Riding the recent release of their heady and complex new album Mochima, Zeta came to town in full regalia with an arsenal of instruments and ambition. Live, they’re a turbocharged rhythm machine with principal drummer Eduardo Sandoval at center stage and an array of percussion extending out to other players. Around that thundering foundation, a stunning latticework of guitars and vocals weaves, dances and dives.
It amounts to an expansive tapestry that’s blazing and dynamic. Bursting with rock, art and culture, they’re swimming deep in some original waters with bold work that could position them to be the next great successor to the Mars Volta crown. Politics, well, you know how dumb that shit can get. But here in Florida, at least there’s already artistic sanctuary for the incredible Zeta.
For the in-state run of their album release tour, Zeta really surrounded themselves with greatness and maxed out the marquee. The result was a brilliantly eclectic bill that’s heavy on the street cred and nicely illustrates the powerful independent ties between the band, Florida and the national vanguard right now.
Fake Four boss and flagbearer Ceschi was probably the biggest national name on the bill. This time as with last year, it’s always a moving, engaging and groundbreaking live display whenever he performs.
From emo-folk to hyper-technical rap, Ceschi's a polymath who pushes hip-hop as far as anyone has.

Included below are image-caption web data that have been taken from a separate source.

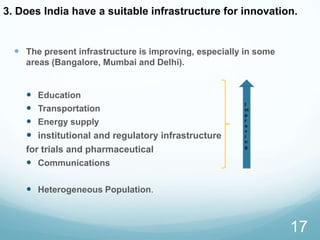 The present infrastructure is improving, especially in some
areas (Bangalore, Mumbai and Delhi).
 Education
 Transportation
 Energy supply
 institutional and regulatory infrastructure
for trials and pharmaceutical
 Communications
 Heterogeneous Population.
17
3. Does India have a suitable infrastructure for innovation.
I
m
p
r
o
v
i
n
g
 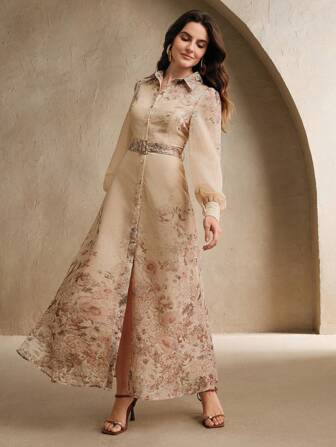 Anewsta Women's Elegant Palace Floral Print Collar Puff Sleeve Long Sleeve Dress, Summer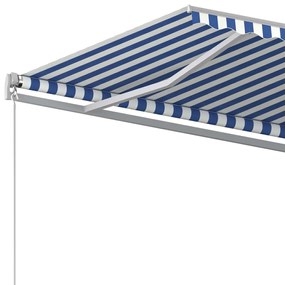 Tenda da Sole Retrattile Automatica Pali 3,5x2,5 m Blu e Bianca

And besides recently signing Orlando MC E-Turn to his esteemed label, the man continues to proudly show his local love, this time bringing up local hip-hop legend Swamburger up on stage with him.
Also bringing excellence was Fake Four labelmate Andy the Doorbum. Despite the casual, down-to-earth name, this L.A. act is anything but. It’s a one-man show that merges gothic folk with pure theater, and it’s a marvel of performance.
In full cloak and headdress like some ancient pagan nightmare, he lurked in the pitch dark, singing like a crooner of doom. With imaginative use of stark little spotlights in his palms, he revealed his demon face in dramatic peeks. And in moments of climax, he cut a stunning figure hovering up near the rafters like a bellowing specter.